> **Information supplied**
▼

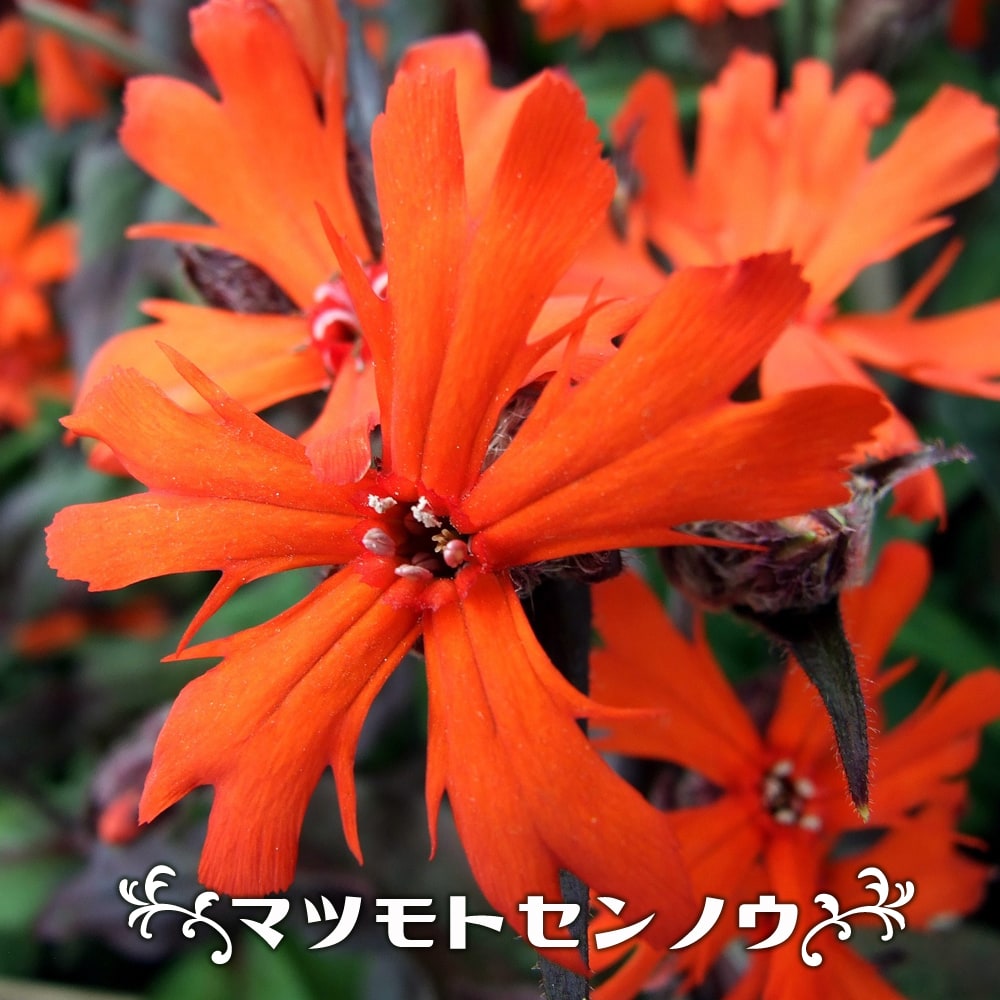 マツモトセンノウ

▲
▼

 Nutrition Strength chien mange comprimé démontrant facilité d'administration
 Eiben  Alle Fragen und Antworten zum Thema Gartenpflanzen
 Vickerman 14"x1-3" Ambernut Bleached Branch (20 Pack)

▲
▼

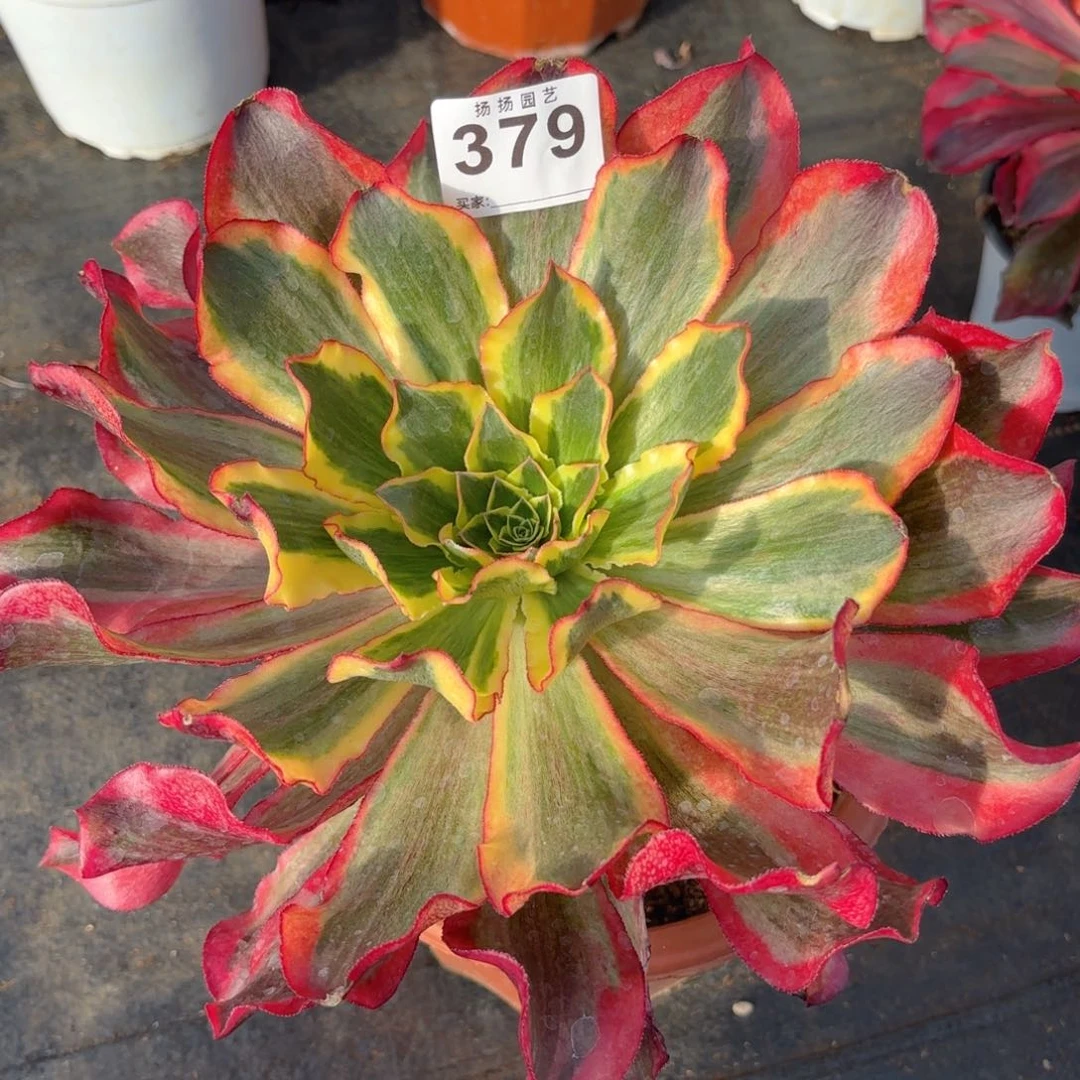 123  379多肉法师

▲

> **What you need to do**
In the records above, the line with "Nutrition Strength chien" marks the start and the line with "Branch (20 Pack)" marks the end; copy that stretch exactly, both lines included, and nothing else.

> **Result of this task**
 Nutrition Strength chien mange comprimé démontrant facilité d'administration
 Eiben  Alle Fragen und Antworten zum Thema Gartenpflanzen
 Vickerman 14"x1-3" Ambernut Bleached Branch (20 Pack)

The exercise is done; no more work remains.